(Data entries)

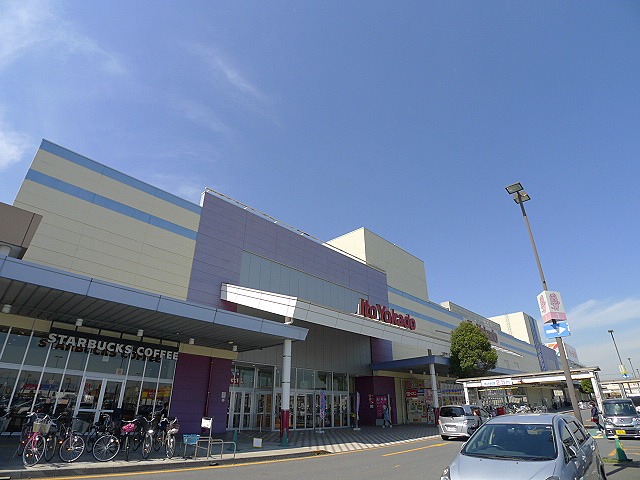 フルールみさと　C スーパー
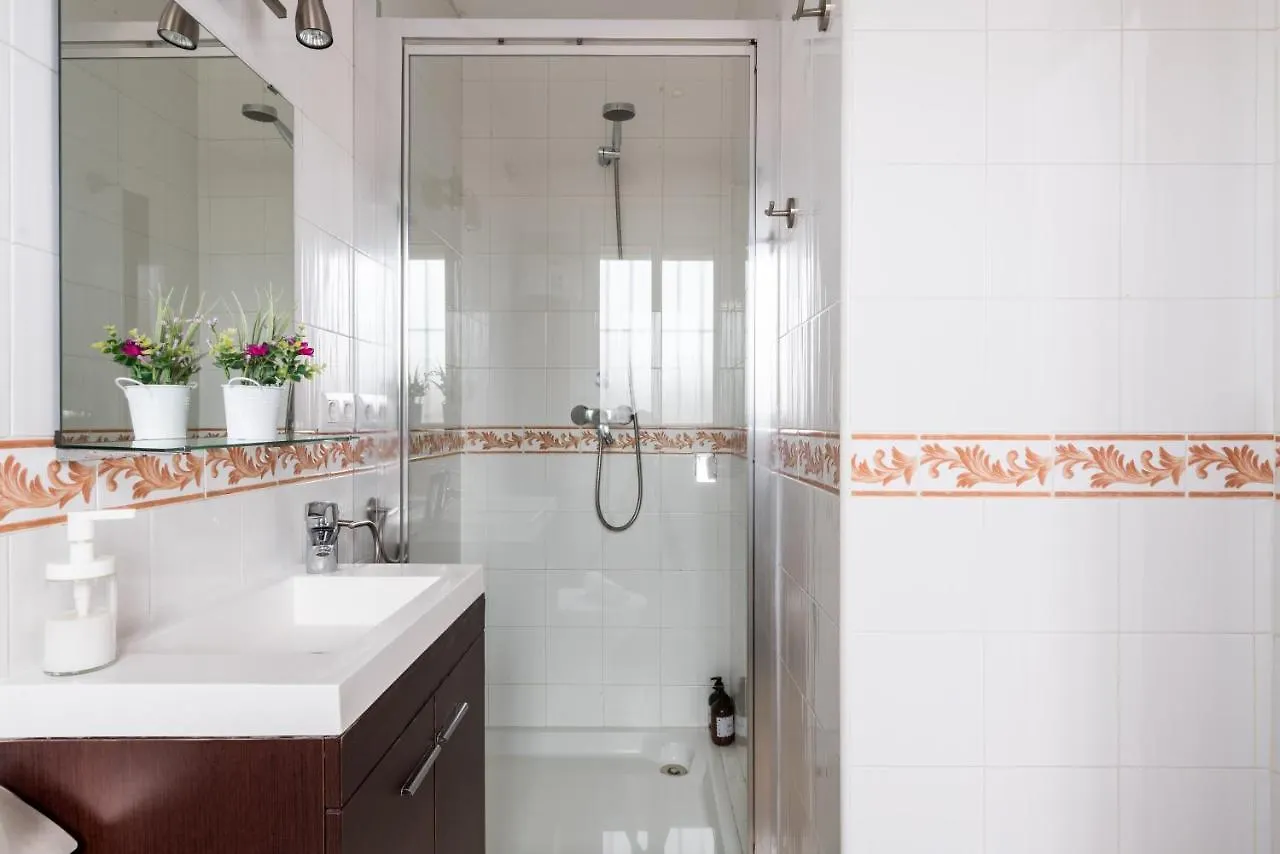 Holi-Rent Apartamento Resitur Seville Apartment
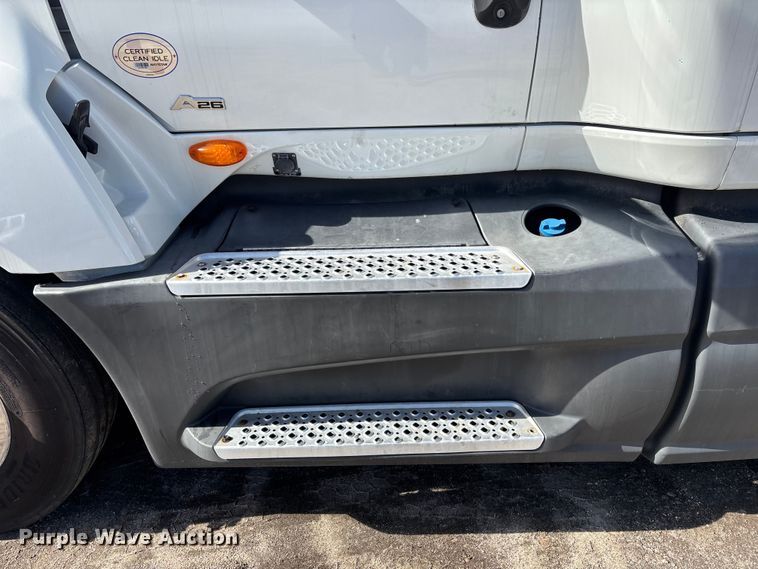 image for item DU0397 2019 International LT625 semi truck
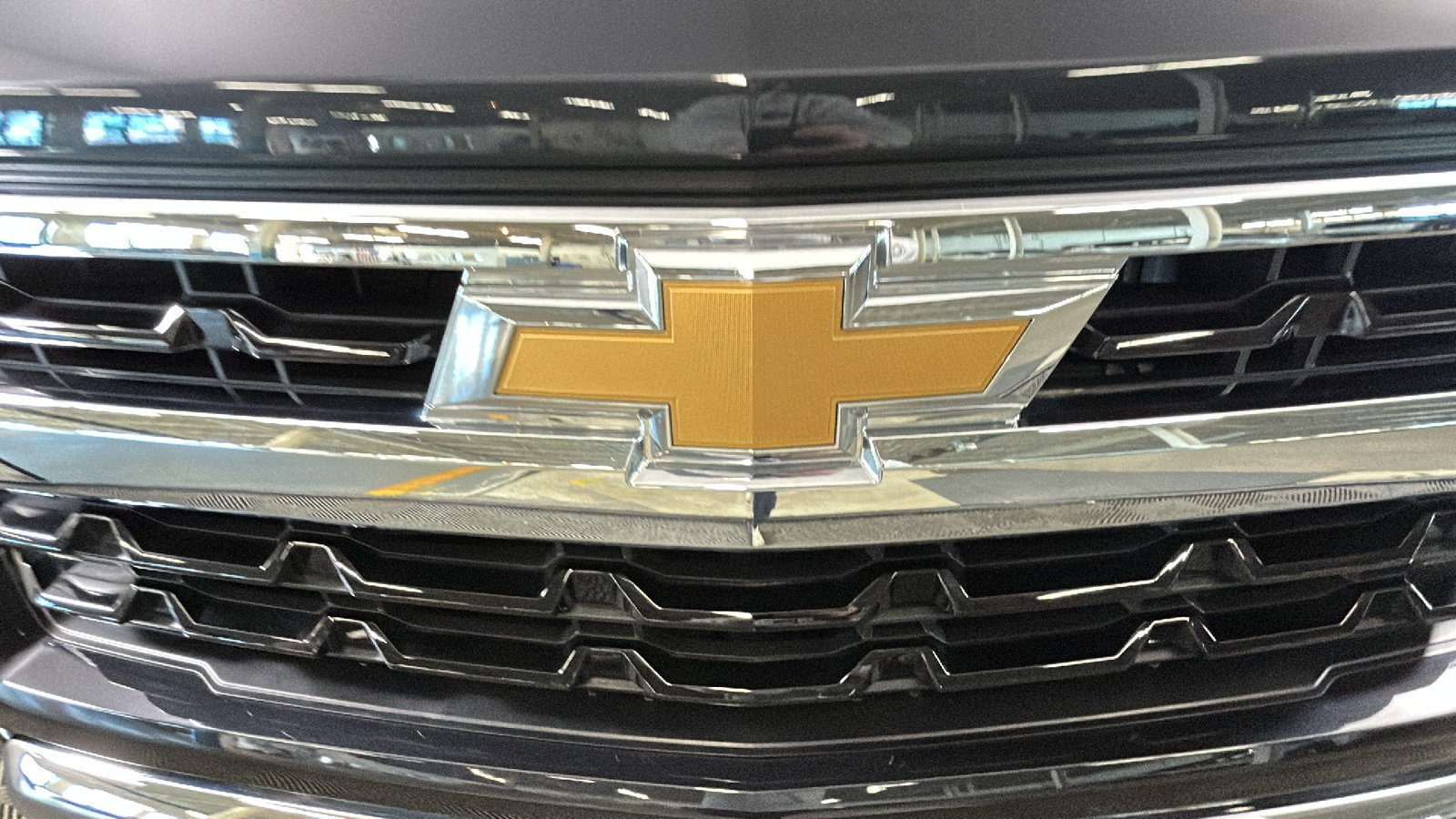 Used 2024 Chevrolet Silverado 1500 LT AWD/4WD image 9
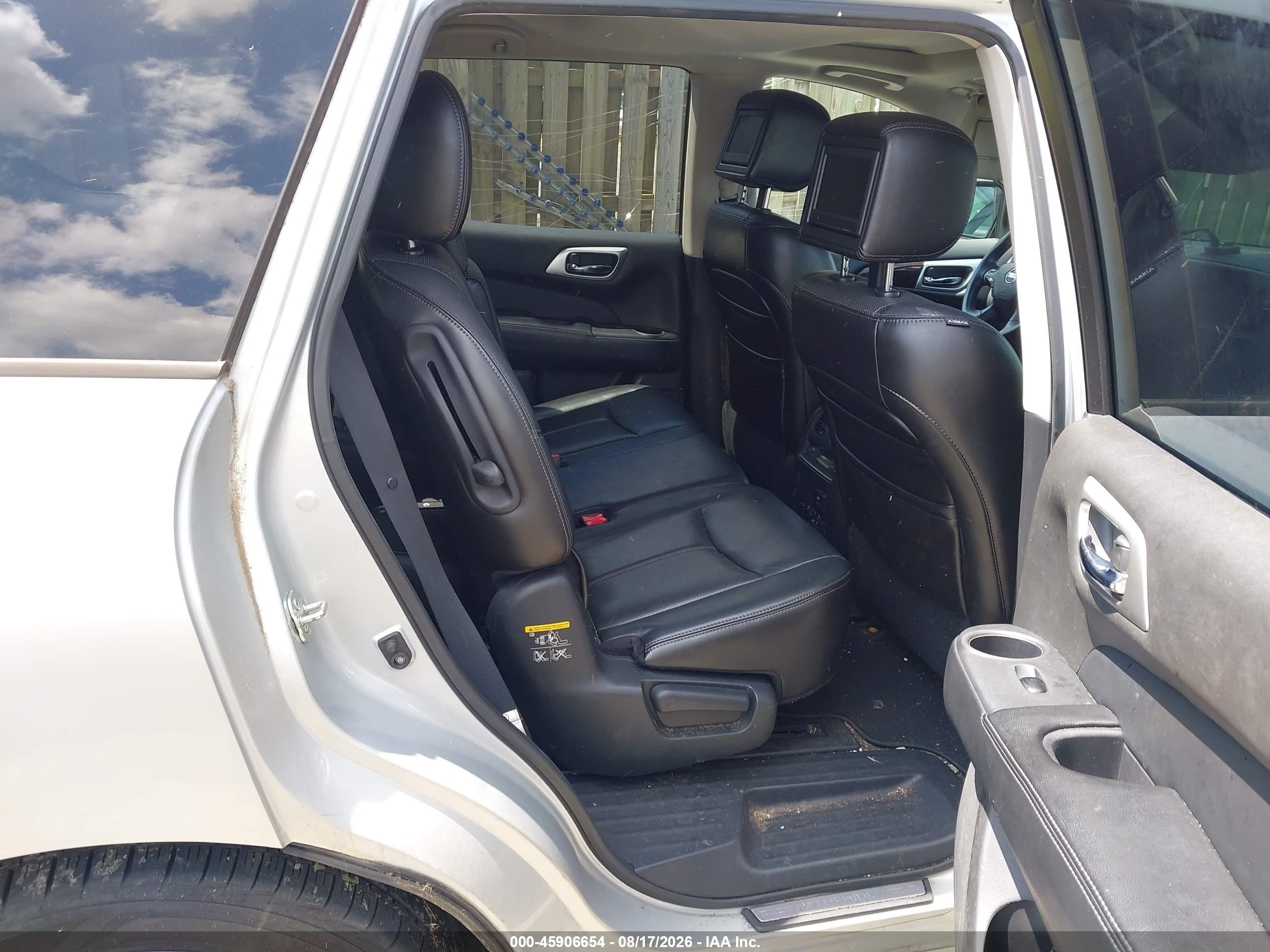 2013 Nissan Pathfinder Platinum Silver vin: 5N1AR2MM8DC645174
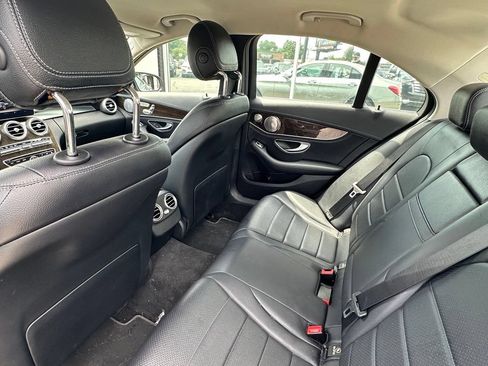 Used 2015 Mercedes-Benz C 300 Sedan image 3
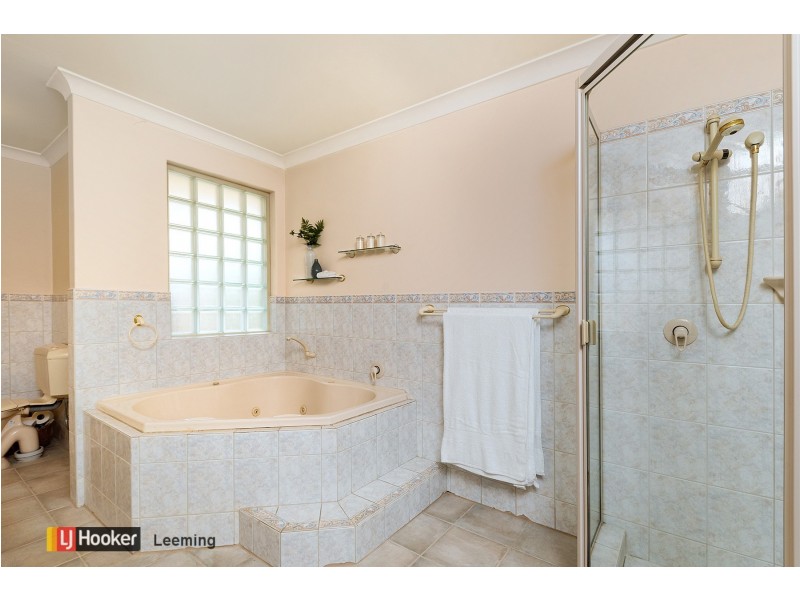 10 Beckley Circle, Leeming WA 6149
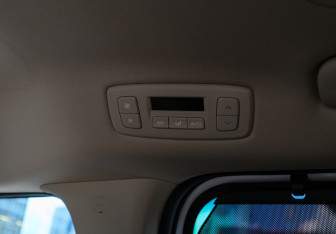 Подержанный автомобиль Kia Carnival 2021 года (14 фото)
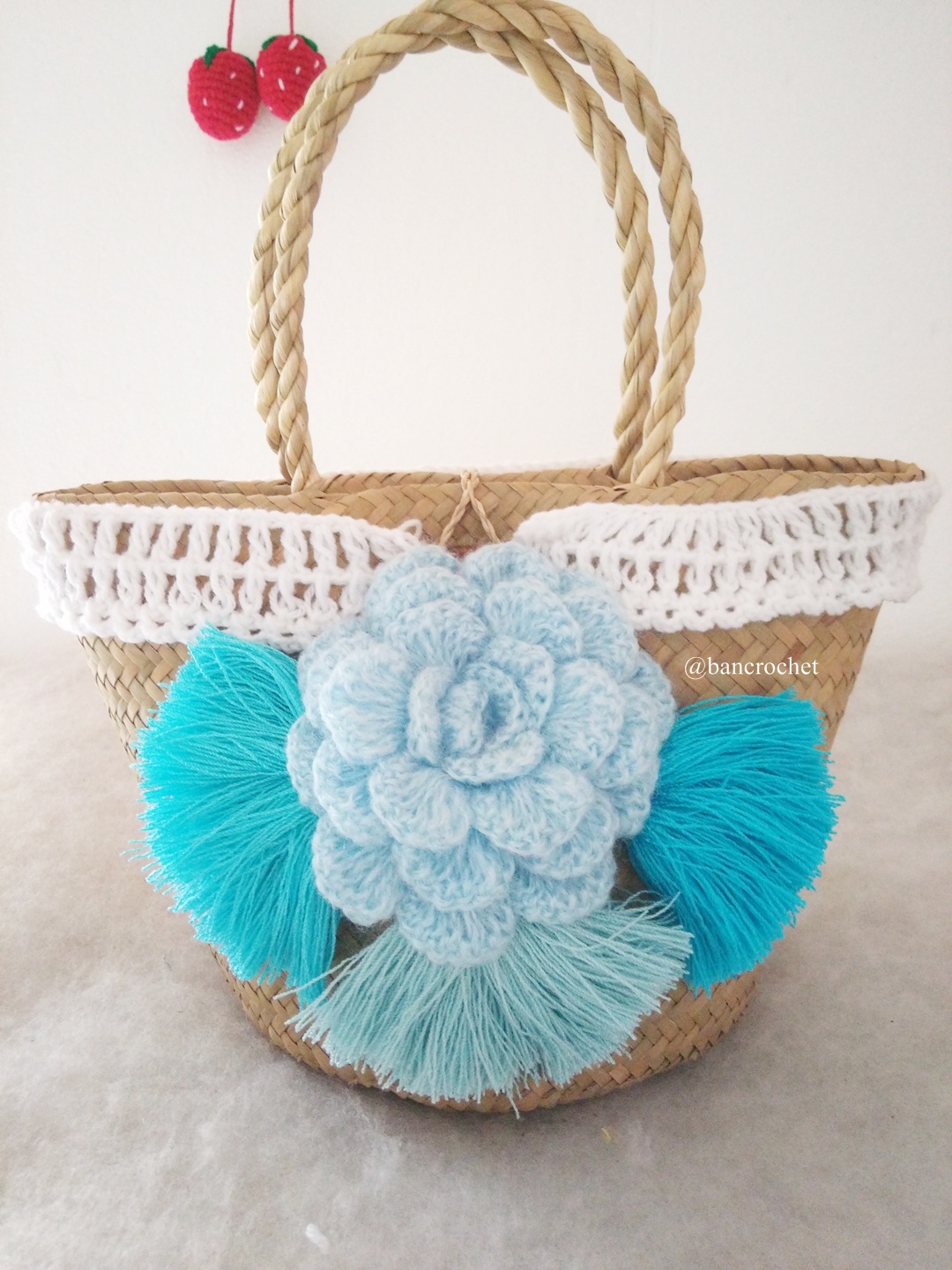 กระเป๋าสานกระจูดประดับดอกไม้ grajood basket weave bags ธรรมชาติ 7*10*7*12 นิ้ว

◆ What to produce ◆
From the line containing "Holi-Rent Apartamento Resitur" through the last line of the records above, reproduce every line exactly, leaving out the pictures.

◆ Answer for the task ◆
 Holi-Rent Apartamento Resitur Seville Apartment
 image for item DU0397 2019 International LT625 semi truck
 Used 2024 Chevrolet Silverado 1500 LT AWD/4WD image 9
 2013 Nissan Pathfinder Platinum Silver vin: 5N1AR2MM8DC645174
 Used 2015 Mercedes-Benz C 300 Sedan image 3
 10 Beckley Circle, Leeming WA 6149
 Подержанный автомобиль Kia Carnival 2021 года (14 фото)
 กระเป๋าสานกระจูดประดับดอกไม้ grajood basket weave bags ธรรมชาติ 7*10*7*12 นิ้ว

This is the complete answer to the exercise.